The “1956 state” refers to the centralized, riverain-dominated system inherited from colonial rule, which consistently favored a narrow elite while marginalizing the vast peripheries of Darfur, the Nuba Mountains, and the former South Sudan.

Rebirth of this state is now impossible due to three converging factors: a deep unresolved crisis of civic legitimacy dating back to independence; an unparalleled institutional failure stemming from security sector cannibalism; and fragmentation entrenched by external proxy support.

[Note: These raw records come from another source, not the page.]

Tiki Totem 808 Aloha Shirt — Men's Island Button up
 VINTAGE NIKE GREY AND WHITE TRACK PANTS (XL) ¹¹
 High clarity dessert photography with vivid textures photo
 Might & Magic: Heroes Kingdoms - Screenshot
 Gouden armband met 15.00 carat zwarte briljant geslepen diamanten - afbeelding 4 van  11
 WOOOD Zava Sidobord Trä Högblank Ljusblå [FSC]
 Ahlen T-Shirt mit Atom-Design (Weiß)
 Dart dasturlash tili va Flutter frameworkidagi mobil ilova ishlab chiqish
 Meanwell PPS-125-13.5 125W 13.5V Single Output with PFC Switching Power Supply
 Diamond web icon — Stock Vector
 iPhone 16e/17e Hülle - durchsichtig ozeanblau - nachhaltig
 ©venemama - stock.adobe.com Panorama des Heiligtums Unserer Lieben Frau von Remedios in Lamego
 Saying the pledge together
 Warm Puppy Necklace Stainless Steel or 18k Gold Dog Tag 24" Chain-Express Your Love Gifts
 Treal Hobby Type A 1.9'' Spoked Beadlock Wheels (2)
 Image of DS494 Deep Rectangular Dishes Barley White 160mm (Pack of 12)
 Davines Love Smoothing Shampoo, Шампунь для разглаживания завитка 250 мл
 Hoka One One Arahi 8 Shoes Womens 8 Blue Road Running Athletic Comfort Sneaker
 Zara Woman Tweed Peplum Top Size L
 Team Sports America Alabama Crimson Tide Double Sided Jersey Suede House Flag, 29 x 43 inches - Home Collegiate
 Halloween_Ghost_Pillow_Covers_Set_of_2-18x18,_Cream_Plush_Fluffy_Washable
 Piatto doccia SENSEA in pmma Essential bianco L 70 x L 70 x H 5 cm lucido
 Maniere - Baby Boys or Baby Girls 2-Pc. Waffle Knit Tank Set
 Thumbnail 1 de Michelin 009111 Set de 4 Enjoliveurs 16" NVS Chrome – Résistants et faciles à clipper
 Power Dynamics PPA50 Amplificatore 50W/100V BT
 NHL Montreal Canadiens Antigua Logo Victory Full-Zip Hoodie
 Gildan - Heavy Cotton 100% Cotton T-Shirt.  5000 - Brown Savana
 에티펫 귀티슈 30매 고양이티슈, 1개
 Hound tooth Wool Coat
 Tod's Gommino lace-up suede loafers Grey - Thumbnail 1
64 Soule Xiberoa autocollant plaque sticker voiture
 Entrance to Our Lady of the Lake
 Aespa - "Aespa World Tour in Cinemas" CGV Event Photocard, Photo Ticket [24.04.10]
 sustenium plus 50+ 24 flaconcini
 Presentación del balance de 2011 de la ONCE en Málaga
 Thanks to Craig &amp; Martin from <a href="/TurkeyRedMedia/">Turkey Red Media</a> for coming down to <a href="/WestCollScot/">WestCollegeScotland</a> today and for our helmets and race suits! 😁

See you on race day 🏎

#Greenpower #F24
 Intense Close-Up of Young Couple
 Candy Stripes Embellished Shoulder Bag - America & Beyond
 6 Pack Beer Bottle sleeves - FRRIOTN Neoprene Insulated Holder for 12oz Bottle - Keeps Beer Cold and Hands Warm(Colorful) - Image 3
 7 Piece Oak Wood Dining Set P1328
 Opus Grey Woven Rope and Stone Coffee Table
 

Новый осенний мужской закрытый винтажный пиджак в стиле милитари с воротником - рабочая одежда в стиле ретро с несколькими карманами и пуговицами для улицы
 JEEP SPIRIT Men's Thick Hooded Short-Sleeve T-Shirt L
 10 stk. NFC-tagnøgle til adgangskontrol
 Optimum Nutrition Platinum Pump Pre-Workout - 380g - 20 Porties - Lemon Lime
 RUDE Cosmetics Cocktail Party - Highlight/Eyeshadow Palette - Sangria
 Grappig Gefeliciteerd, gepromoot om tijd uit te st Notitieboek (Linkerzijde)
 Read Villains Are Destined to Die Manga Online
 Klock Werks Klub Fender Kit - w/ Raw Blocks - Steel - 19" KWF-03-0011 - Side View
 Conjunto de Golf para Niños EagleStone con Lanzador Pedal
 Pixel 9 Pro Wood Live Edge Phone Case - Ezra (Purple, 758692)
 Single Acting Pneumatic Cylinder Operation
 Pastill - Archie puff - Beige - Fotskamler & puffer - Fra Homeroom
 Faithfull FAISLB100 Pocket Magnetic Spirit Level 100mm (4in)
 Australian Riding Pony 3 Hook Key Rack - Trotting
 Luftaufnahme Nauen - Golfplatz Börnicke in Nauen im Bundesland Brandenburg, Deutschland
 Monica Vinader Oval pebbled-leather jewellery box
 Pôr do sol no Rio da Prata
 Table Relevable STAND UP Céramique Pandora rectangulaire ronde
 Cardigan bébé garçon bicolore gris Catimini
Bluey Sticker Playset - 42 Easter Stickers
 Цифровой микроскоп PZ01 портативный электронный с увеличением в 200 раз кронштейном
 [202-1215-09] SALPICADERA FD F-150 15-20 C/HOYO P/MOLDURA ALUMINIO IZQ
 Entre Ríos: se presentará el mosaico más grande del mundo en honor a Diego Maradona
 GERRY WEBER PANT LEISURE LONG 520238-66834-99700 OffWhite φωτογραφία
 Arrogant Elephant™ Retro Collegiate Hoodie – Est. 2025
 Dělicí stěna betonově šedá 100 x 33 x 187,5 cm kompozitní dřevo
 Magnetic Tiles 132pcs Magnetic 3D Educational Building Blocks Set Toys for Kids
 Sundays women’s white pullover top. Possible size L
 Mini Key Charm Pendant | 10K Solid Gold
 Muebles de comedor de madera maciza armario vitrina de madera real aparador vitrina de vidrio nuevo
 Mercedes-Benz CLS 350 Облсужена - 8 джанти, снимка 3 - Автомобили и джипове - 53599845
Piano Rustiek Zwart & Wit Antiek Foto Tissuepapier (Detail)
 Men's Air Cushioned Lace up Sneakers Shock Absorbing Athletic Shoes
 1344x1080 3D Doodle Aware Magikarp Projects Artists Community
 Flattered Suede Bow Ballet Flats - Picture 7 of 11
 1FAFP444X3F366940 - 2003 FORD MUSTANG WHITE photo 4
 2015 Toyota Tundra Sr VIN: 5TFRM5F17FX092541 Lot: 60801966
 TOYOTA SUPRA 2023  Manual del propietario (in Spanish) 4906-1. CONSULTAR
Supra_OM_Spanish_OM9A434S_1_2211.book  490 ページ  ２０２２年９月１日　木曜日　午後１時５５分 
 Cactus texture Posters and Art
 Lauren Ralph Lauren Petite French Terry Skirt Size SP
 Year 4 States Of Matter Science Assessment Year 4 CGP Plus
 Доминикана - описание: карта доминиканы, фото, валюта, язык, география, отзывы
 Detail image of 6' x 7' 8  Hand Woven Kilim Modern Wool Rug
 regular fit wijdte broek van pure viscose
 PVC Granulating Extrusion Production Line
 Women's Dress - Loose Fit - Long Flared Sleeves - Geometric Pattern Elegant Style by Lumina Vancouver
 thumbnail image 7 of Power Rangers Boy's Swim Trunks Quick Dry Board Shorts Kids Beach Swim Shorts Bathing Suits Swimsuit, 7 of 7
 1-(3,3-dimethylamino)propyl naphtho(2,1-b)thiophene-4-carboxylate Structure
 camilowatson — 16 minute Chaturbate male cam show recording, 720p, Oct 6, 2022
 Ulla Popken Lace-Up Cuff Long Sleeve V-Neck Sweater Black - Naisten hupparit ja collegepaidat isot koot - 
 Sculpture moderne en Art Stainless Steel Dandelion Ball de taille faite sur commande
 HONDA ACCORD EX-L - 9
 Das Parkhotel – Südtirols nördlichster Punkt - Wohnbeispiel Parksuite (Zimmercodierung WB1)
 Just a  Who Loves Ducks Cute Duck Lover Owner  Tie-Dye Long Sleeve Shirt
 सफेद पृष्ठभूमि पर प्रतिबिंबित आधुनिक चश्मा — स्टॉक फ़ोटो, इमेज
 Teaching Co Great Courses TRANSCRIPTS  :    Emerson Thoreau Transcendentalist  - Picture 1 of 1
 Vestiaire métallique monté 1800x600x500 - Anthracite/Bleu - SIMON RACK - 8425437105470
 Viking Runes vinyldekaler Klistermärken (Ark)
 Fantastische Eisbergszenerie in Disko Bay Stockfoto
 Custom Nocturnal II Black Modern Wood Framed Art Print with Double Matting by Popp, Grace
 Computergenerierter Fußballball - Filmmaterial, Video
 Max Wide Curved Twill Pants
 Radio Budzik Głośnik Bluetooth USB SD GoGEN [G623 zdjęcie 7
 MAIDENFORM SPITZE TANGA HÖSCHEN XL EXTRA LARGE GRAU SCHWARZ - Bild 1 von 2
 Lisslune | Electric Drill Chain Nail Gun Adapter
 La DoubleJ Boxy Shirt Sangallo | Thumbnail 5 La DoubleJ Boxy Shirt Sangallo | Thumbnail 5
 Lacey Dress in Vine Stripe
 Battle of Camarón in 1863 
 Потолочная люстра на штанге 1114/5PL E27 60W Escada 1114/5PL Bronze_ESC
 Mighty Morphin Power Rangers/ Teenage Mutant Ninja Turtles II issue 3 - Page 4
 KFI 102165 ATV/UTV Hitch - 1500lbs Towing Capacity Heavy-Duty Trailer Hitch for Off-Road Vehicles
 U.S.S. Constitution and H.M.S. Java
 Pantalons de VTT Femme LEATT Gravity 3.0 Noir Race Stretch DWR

A State Built on Exclusion

Sudan’s foundational instability is rooted in the failure of the Republic established in 1956 to transcend colonial-era divisions and forge an inclusive national identity. Since independence, state power has been monopolized by a privileged Arabized Muslim elite who dominated the military and security agencies. This control translated into profound regional, political, and economic inequalities, driving perennial conflicts including two devastating civil wars, the first which led to secession in 2011, and the second the long-running conflict in Darfur.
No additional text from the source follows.